Letters of Intent to Develop Energy Projects
In many of my presentations to energy developers and utilities, I generally devote some time to letters of intent. They are common and sometimes necessary to begin preliminary negotiations for the development of an energy project. But when one party has incurred, or is about to incur, substantial costs, a letter of intent may be inadequate. The case discussed in this blog post is one example.
Developer is a minority-owned renewable-energy developer. Financer is in the business of developing and financing energy projects. Developer submitted a proposal to Southern California Edison (“Utility”) to develop a renewable-energy project. Though Utility did not accept the proposal, it invited Developer to participate in bilateral negotiations for a PPA. Developer began negotiations with the support of Financer to develop a renewable-energy project (“Project”).
Developer and Financer entered into a letter of intent (“LOI”) that provided: (i) Developer agreed to negotiate exclusively with Financer, (ii) Developer agreed to terminate any other discussions regarding alternative proposals regarding the Project, (iii) the LOI was “for discussion purposes only,” (iv) the LOI was not a commitment to transact by either party, and (v) any commitment must be based upon corporate approval, satisfactory due diligence, satisfactory documentation, and other conditions.
At some point after execution of the LOI, Financer informed Developer that it was fulfilling the terms of the LOI in a satisfactory manner. But thereafter, Financer believed that Developer was not satisfactorily fulfilling the terms.
Eventually, based on alleged statements made by Utility, Financer terminated the LOI. In response, Developer filed a lawsuit against Financer for (i) promissory estoppel, (ii) breach of the implied covenant of good faith and fair dealing, and (iii) negligent misrepresentation.

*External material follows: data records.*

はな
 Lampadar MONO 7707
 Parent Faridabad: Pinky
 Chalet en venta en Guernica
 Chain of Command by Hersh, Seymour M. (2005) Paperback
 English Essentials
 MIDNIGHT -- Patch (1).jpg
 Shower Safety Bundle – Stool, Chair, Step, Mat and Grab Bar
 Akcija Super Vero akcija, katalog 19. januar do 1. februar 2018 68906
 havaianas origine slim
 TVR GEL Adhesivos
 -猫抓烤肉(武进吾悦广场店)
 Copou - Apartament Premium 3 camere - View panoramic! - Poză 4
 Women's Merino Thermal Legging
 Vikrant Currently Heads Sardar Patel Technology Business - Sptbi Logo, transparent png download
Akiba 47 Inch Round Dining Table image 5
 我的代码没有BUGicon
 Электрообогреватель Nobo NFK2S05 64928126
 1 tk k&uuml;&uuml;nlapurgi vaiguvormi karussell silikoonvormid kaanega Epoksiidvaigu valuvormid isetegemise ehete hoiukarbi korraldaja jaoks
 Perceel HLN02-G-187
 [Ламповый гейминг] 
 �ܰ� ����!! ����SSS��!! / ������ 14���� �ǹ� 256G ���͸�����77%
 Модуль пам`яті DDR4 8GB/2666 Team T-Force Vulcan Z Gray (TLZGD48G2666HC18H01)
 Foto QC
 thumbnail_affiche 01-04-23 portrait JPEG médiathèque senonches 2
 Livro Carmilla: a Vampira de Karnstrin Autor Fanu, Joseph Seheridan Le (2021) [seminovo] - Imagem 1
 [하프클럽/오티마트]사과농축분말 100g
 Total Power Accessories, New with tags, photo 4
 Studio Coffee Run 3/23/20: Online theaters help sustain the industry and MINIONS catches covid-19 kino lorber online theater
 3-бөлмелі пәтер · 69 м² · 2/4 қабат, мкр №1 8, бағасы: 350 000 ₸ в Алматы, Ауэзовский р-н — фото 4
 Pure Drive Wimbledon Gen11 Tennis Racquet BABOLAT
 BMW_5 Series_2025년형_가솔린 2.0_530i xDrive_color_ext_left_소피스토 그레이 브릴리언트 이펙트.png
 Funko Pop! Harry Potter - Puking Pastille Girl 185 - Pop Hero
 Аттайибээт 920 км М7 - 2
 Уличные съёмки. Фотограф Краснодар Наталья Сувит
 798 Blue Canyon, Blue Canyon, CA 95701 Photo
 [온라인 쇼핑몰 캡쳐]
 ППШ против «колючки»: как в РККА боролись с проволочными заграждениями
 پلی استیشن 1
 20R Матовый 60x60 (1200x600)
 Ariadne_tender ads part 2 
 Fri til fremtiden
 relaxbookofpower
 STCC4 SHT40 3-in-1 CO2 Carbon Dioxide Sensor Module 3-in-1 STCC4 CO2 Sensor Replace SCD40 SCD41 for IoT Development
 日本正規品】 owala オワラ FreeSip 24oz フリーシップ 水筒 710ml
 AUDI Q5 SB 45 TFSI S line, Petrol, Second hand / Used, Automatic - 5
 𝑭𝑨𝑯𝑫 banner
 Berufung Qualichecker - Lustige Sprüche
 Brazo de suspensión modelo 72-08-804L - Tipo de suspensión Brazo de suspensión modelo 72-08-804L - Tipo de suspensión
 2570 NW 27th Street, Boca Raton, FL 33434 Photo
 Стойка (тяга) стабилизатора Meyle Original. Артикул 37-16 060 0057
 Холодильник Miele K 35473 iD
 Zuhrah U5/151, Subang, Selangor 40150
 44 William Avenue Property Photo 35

During the litigation, Financer filed a motion to dismiss Developer’s claims. This case is based on the court’s ruling on Financer’s motion to dismiss.
Promissory Estoppel and Breach of Implied Duty of Good Faith
First, the court considered the motion to dismiss Developer’s claims of promissory estoppel and the breach of implied duty of good faith. Developer argued that Financer promised to develop the Project with Developer, and to do so in accordance with an established timeline.
Applying the law of New York (per the terms of the LOI), the court granted Financer’s motion and dismissed these claims. The court reasoned that the LOI contained no clear and unambiguous promise by Financer because the LOI was “for discussion purposes only,” was not a commitment to transact business, and contained conditions that were not satisfied (e.g., approval by Financer’s corporate office). In addition, the LOI contemplated that the parties would execute a further agreement to contain the material terms required for development of the Project.
Because the LOI was not a real commitment to enter into the transaction, there was no binding promise upon which Developer could have relied.
The court further concluded that Financer did not breach any duty of good faith because Financer did not act inconsistently with the terms of the LOI. The express terms of the LOI stated it was not a commitment to transact, and any deal would be based on future negotiation and several conditions. “Because an implied covenant [of good faith] can only impose an obligation consistent with other mutually agreed terms of the contract, an implied covenant not to terminate the LOI . . . could not be consistent with the LOI given express language indicating that the LOI was not a commitment to transact.” As a result, the court dismissed Developer’s claim for breach of the duty of good faith.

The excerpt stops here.